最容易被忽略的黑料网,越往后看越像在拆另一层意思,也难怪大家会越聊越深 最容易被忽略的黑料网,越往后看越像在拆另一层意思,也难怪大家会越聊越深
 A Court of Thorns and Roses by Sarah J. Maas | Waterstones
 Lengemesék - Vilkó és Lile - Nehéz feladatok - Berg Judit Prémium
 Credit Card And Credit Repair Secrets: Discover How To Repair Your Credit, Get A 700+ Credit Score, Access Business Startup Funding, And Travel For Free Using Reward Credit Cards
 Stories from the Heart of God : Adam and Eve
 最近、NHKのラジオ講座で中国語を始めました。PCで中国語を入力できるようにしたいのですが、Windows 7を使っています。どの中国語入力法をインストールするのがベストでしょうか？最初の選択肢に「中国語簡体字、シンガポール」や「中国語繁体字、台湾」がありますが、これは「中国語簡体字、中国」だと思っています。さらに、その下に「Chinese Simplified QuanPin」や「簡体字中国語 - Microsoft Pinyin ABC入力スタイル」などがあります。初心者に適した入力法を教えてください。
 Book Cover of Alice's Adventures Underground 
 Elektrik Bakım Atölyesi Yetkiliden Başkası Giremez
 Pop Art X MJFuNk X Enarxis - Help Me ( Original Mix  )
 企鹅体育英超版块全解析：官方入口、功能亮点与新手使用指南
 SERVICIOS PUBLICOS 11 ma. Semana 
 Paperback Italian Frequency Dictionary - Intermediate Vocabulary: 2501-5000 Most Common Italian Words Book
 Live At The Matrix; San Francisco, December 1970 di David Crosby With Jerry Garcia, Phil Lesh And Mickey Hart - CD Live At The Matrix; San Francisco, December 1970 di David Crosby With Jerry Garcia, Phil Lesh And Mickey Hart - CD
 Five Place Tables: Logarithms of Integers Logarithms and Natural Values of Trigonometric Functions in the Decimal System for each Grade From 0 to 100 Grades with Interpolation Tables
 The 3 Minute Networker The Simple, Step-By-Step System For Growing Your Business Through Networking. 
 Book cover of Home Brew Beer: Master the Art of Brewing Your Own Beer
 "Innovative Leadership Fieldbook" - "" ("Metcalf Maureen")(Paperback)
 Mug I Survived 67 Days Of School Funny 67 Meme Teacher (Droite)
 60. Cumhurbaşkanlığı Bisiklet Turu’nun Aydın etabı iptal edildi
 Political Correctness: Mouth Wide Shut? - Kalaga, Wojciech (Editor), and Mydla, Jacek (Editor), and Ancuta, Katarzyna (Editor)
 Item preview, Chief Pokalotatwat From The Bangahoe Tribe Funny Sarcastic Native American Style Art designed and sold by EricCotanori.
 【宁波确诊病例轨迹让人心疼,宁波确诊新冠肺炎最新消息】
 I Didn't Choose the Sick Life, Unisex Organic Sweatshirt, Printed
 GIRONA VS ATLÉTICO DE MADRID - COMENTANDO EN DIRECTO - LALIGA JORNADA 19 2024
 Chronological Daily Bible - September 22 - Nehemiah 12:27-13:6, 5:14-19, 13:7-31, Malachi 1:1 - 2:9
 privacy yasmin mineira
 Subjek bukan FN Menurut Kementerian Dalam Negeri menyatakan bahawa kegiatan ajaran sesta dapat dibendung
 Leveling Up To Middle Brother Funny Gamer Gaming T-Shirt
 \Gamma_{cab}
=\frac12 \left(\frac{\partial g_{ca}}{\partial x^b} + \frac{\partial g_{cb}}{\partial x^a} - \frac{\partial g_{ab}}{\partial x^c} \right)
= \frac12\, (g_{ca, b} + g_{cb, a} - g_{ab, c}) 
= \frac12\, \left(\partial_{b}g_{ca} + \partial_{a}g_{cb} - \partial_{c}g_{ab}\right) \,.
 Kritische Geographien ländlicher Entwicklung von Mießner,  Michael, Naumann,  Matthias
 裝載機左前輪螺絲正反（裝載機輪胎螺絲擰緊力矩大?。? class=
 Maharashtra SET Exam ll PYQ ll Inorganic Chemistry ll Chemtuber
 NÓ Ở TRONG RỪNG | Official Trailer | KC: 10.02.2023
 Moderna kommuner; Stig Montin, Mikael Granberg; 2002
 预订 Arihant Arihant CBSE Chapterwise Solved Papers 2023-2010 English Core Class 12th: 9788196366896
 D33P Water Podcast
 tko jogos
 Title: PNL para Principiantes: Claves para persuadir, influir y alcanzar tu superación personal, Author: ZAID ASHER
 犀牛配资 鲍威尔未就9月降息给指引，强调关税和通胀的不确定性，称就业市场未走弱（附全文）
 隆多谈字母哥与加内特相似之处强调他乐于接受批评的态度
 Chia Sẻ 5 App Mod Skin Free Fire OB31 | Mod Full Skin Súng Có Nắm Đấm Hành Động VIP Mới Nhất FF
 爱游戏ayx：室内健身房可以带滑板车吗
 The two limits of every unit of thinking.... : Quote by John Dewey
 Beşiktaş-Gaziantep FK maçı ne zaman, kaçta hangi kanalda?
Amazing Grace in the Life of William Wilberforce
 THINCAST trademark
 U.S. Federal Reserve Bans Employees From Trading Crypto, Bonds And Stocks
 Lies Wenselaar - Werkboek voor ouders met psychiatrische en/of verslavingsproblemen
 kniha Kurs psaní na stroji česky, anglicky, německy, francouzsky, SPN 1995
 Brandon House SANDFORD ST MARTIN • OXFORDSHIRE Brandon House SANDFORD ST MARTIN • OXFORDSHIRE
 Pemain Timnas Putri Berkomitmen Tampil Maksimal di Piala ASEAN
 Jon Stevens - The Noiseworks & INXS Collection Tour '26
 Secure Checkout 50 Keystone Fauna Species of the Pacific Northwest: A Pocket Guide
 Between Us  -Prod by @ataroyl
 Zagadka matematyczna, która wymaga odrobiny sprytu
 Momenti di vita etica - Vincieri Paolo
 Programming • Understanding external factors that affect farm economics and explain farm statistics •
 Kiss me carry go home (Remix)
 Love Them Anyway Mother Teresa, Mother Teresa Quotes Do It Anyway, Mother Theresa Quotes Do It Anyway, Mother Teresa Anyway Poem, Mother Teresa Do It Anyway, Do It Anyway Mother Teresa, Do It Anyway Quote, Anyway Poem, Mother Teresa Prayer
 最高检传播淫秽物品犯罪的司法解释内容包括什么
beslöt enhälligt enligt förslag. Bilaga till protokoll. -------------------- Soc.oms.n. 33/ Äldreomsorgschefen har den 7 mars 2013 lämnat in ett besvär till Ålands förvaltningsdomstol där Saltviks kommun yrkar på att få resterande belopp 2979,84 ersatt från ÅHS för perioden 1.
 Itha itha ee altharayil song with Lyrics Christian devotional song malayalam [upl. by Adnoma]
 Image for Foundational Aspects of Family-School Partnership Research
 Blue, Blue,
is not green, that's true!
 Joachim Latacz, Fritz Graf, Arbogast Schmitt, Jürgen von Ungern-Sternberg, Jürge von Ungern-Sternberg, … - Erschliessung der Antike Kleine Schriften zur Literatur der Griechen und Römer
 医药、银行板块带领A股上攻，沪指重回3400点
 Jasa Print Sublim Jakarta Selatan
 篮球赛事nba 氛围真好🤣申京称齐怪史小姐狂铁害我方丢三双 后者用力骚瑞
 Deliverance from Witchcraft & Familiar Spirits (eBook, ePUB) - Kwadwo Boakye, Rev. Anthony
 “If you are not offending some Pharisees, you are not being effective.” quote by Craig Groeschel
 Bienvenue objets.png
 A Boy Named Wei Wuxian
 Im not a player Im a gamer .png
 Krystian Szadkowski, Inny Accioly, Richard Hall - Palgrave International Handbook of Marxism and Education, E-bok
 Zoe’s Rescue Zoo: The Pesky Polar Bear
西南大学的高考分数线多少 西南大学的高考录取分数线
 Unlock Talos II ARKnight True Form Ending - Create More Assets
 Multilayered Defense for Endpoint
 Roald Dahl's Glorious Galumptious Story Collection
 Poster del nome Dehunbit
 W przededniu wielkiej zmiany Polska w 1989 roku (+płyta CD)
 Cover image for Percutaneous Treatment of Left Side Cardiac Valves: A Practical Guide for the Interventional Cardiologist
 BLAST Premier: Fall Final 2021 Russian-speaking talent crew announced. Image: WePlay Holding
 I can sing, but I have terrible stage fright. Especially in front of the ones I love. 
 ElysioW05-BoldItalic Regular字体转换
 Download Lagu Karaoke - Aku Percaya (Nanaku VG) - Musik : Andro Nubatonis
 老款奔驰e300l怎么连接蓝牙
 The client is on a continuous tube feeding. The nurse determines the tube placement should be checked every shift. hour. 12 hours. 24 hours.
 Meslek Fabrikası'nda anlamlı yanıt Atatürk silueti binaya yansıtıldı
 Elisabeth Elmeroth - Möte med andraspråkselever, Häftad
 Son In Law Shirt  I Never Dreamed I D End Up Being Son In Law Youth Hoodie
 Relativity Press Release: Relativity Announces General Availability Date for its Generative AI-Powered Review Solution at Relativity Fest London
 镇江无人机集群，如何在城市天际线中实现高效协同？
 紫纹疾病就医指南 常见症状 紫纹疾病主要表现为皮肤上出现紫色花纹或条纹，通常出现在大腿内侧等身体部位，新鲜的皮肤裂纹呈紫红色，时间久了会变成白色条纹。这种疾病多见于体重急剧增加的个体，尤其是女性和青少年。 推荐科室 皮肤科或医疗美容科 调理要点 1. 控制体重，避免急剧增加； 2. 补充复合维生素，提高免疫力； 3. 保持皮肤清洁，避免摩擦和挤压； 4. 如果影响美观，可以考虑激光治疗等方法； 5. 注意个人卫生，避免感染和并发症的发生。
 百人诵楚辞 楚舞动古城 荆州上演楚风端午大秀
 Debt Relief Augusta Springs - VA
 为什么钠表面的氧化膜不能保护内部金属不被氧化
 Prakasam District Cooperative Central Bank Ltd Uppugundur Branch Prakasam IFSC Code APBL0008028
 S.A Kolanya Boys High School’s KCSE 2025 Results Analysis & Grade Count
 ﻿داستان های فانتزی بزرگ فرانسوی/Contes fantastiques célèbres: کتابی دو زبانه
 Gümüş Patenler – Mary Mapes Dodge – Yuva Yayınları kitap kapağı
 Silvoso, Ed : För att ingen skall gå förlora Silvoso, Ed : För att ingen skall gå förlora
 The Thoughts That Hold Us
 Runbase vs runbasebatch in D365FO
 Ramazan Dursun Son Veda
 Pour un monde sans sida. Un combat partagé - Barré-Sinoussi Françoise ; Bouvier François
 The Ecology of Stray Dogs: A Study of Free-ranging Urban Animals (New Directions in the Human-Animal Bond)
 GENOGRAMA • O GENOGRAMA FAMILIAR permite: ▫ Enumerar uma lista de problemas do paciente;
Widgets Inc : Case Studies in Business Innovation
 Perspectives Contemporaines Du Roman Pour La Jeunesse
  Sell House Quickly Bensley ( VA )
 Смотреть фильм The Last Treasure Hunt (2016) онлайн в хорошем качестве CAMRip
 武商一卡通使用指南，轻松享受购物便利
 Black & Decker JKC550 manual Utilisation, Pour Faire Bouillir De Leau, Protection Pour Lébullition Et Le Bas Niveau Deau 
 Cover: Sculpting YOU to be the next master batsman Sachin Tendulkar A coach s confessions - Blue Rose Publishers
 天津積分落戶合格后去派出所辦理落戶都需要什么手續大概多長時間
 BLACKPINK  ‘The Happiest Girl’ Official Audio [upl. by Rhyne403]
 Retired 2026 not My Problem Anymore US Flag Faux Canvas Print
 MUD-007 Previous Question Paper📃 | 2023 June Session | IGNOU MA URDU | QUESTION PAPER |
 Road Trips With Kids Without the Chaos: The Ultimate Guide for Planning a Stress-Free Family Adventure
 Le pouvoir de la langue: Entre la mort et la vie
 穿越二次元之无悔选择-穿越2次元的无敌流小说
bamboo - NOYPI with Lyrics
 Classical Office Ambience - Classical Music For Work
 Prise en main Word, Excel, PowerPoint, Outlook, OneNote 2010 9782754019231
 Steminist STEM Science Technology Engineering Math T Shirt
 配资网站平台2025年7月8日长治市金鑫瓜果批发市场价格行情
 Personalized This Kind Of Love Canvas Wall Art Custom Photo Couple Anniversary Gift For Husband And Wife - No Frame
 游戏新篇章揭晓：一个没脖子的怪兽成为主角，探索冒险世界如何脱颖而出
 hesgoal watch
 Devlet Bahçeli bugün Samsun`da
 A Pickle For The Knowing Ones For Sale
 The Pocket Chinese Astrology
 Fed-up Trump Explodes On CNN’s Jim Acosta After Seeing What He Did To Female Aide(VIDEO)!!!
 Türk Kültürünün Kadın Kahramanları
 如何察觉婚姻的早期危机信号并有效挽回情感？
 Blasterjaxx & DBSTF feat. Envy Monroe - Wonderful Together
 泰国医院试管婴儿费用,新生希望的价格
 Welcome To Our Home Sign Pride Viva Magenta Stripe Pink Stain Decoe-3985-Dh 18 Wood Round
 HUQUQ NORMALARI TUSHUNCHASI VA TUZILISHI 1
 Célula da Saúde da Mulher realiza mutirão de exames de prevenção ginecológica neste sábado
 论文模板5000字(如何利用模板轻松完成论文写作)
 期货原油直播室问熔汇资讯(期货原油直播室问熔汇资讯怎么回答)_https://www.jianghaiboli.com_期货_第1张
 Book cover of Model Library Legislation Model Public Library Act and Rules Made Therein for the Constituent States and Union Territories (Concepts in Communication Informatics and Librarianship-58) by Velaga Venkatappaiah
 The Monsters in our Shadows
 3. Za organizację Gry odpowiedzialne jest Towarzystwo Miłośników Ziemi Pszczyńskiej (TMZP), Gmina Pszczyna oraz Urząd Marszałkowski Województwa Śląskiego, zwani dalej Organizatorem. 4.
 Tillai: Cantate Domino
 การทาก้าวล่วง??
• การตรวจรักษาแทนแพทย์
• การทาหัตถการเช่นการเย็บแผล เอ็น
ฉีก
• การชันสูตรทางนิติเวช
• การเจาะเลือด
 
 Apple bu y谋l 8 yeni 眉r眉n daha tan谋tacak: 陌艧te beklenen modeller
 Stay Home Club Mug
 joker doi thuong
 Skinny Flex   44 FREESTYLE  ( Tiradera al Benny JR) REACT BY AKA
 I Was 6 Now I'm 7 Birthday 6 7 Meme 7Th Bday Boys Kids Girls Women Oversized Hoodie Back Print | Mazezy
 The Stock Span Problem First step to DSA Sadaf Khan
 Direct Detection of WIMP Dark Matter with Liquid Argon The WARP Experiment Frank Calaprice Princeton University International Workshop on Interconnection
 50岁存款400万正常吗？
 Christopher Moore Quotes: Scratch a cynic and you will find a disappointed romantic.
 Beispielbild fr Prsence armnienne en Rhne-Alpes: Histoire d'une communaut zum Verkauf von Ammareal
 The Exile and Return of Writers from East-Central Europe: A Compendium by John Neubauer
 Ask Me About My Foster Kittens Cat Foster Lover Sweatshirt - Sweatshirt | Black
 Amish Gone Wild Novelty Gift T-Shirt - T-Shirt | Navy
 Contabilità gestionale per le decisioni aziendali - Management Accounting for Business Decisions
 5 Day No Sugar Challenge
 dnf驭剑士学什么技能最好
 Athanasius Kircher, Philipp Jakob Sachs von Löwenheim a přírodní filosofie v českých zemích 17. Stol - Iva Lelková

==*==

Go through the material above and output exactly the lines from the one containing "Silvoso, Ed : För att ingen skall gå förlora Silvoso, Ed" through the one containing "The Ecology of".

 Silvoso, Ed : För att ingen skall gå förlora Silvoso, Ed : För att ingen skall gå förlora
 The Thoughts That Hold Us
 Runbase vs runbasebatch in D365FO
 Ramazan Dursun Son Veda
 Pour un monde sans sida. Un combat partagé - Barré-Sinoussi Françoise ; Bouvier François
 The Ecology of Stray Dogs: A Study of Free-ranging Urban Animals (New Directions in the Human-Animal Bond)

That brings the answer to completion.